The counsel for the defendant moved the court to instruct the jury that, as the bond on its face appeared to be altered, it was incumbent on the plaintiff to show its fairness. But his Honor, leaving the two first grounds of defense to the jury upon the facts, charged them that if the plaintiff had, after the execution of the bond altered the date, without the knowledge and consent of the obligor, he could not recover. A verdict was returned for the plaintiff, and the defendant appealed.

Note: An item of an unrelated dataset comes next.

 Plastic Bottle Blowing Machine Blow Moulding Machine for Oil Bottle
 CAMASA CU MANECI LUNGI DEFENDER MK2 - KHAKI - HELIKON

Erasure avoids a deed when made by the                           (240) party claiming a benefit under it, even if it be an immaterialpart, if made by a stranger in a material part, it also avoids the deed; if by accident, it does not. Formerly the court judged of an erasure by inspection, latterly the jury do. In judging by inspection the court *Page 204 
governed itself as juries do now, by probabilities in the absence of positive proof. If the alteration on the erased part was in the handwriting of the obligee or a stranger, and beneficial to the obligee, the court adjudged it an erasure; that is, an alteration made after the execution, and avoided the deed. If prejudicial to the obligee, the court adjudged it no erasure; that is, made before execution, and did not avoid the deed. If in the handwriting of the obligor either way, they adjudged it no erasure; that the alteration was made before execution and did not avoid the deed. Juries are now governed by the same rules. In the case before us, the date of the bond is altered, and it is made payable in 1821, instead of 1820, as it is said, is evident from the erasure not being complete, as appears from an inspection of the deed, and the alteration is in the handwriting of the obligee, and prejudicial to the obligee, for he loses one year's interest. It is payable from the date, or from a fixed period from the date. One of the rules before mentioned, to wit, that if the alteration is prejudicial to the obligee, though in his handwriting, it is no erasure, determines this case, as it is presumed that the alteration was made before execution. If the question was to be decided by the court, as formerly, we should pronounce it to be no erasure. In the absence of all evidence dehors the deed, the jury were properly instructed to pronounce it so. The plaintiff has failed in his evidence to prove, if that was his object in putting it on the record, that the alteration was beneficial to the obligee by showing that he thereby avoided the effect of his admissions as to the state of the account against the defendant by changing the date from 1820 to 1821.
PER CURIAM.                                  Judgment affirmed.
Cited: Smith v. Eason, 49 N.C. 38; Wicker v. Jones, 159 N.C. 109.